Serbischer Politiker will Bosnien auflösen

Kurz vor den Parlaments- und Präsidentschaftswahlen am Sonntag schaffen Forderungen nach einem Referendum und der Vertrag über spezielle Beziehungen zwischen der bosnischen Serbenrepublik und Serbien neue politische Spannungen

AUS SARAJEVOERICH RATHFELDER

Zlatko Lagumdzija hat allen Grund zur Sorge. Dem Vorsitzenden der Sozialdemokratischen Partei ( SDP) und Führer des Blocks aller nichtnationalistischen Parteien in Bosnien und Herzegowina droht die politische Perspektive wegzubrechen.

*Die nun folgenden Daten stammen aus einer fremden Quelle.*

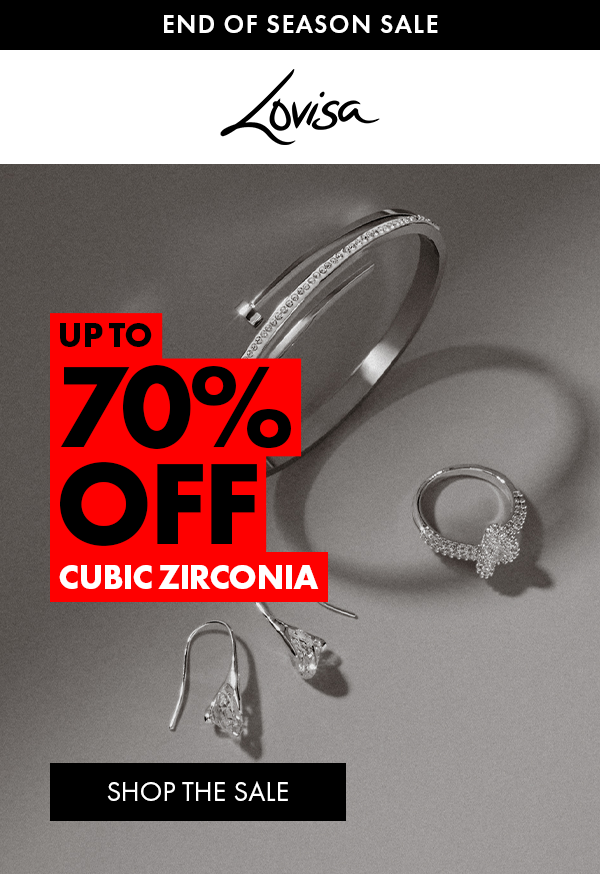 END OF SEASON SALE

Bis vor kurzem konnte der in Sarajevo populäre Jurist und Professor hoffen, dass seine Partei als stärkste Kraft der bosniakisch-kroatischen Föderation die Regierung in dem Gesamtstaat Bosnien und Herzegowina übernimmt. Kurz vor den Parlaments- und Präsidentschaftswahlen am 1. Oktober jedoch erreichen beunruhigende Meldungen aus der serbischen Teilrepublik Bosniens die Hauptstadt Sarajevo. Lagumdzijas früherer politischer Freund Milorad Dodik, Vorsitzender der serbischen Sozialdemokraten in Bosnien, will nicht mehr an der gemeinsamen Perspektive festhalten.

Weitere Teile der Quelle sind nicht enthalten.